Yu Chin-Sheng, Lin Chih-Jen, Hwang Jenn-Kang
Department of Biological Science and Technology, National Chiao Tung University, HsinChu 30050, Taiwan.
Protein Sci. 2004 May;13(5):1402-6. doi: 10.1110/ps.03479604.
Gram-negative bacteria have five major subcellular localization sites: the cytoplasm, the periplasm, the inner membrane, the outer membrane, and the extracellular space. The subcellular location of a protein can provide valuable information about its function. With the rapid increase of sequenced genomic data, the need for an automated and accurate tool to predict subcellular localization becomes increasingly important. We present an approach to predict subcellular localization for Gram-negative bacteria. This method uses the support vector machines trained by multiple feature vectors based on n-peptide compositions. For a standard data set comprising 1443 proteins, the overall prediction accuracy reaches 89%, which, to the best of our knowledge, is the highest prediction rate ever reported. Our prediction is 14% higher than that of the recently developed multimodular PSORT-B. Because of its simplicity, this approach can be easily extended to other organisms and should be a useful tool for the high-throughput and large-scale analysis of proteomic and genomic data.
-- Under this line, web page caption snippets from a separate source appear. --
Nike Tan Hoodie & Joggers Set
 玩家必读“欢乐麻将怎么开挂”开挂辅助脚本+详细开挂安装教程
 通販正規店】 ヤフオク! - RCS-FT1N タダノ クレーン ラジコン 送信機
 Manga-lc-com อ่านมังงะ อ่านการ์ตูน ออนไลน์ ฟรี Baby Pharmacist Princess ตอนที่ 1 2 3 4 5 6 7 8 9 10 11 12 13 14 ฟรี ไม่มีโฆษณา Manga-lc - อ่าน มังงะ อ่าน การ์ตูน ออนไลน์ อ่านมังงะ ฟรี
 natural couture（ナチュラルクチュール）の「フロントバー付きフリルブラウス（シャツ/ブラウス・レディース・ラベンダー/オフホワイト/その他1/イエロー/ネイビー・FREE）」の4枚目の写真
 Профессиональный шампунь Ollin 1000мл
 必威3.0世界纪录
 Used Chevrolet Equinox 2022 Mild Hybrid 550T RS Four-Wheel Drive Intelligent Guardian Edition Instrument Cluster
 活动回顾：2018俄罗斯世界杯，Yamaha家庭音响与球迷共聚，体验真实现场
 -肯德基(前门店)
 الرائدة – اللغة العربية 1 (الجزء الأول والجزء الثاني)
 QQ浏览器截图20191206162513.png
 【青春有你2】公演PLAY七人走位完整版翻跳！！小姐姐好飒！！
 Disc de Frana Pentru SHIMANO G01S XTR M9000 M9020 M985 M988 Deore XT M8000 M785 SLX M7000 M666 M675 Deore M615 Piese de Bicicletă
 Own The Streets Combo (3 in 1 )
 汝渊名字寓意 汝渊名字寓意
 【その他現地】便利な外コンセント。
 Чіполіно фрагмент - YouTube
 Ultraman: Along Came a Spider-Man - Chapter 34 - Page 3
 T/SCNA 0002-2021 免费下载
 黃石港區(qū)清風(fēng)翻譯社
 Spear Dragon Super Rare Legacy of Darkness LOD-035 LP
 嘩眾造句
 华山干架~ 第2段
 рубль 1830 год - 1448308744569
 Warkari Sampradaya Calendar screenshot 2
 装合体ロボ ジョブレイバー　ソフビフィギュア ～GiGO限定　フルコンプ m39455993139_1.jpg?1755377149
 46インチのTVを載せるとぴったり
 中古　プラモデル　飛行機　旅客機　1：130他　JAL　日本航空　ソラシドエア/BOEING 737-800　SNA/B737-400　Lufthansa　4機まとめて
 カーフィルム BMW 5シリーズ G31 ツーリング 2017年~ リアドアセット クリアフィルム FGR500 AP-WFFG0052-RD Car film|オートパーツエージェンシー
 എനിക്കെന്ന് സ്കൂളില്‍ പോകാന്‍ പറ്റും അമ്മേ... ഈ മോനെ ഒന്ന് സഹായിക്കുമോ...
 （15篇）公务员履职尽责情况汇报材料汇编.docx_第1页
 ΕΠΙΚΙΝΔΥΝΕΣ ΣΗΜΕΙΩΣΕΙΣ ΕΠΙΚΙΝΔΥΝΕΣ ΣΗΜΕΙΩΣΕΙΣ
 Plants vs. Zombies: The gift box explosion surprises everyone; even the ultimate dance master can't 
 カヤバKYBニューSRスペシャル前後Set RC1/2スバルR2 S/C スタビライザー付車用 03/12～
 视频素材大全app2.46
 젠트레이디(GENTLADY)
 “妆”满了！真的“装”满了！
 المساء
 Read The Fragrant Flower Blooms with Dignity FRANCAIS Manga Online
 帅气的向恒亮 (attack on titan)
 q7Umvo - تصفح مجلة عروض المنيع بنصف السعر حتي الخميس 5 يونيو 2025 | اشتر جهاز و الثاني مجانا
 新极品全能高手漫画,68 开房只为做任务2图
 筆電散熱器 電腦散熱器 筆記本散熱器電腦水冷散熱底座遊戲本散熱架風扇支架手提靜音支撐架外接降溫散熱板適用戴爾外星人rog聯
细胞质、周质、内膜、外膜和细胞外空间。蛋白质的亚细胞定位能够为其功能提供有价值的信息。随着已测序基因组数据的迅速增加,对用于预测亚细胞定位的自动化且准确的工具的需求变得越来越重要。我们提出了一种预测革兰氏阴性菌亚细胞定位的方法。该方法使用基于n肽组成的多个特征向量训练的支持向量机。对于一个包含1443种蛋白质的标准数据集,总体预测准确率达到89%,据我们所知,这是迄今报道的最高预测率。我们的预测比最近开发的多模块PSORT - B高出14%。由于其简单性,这种方法可以很容易地扩展到其他生物体,并且应该是蛋白质组学和基因组数据高通量大规模分析的有用工具。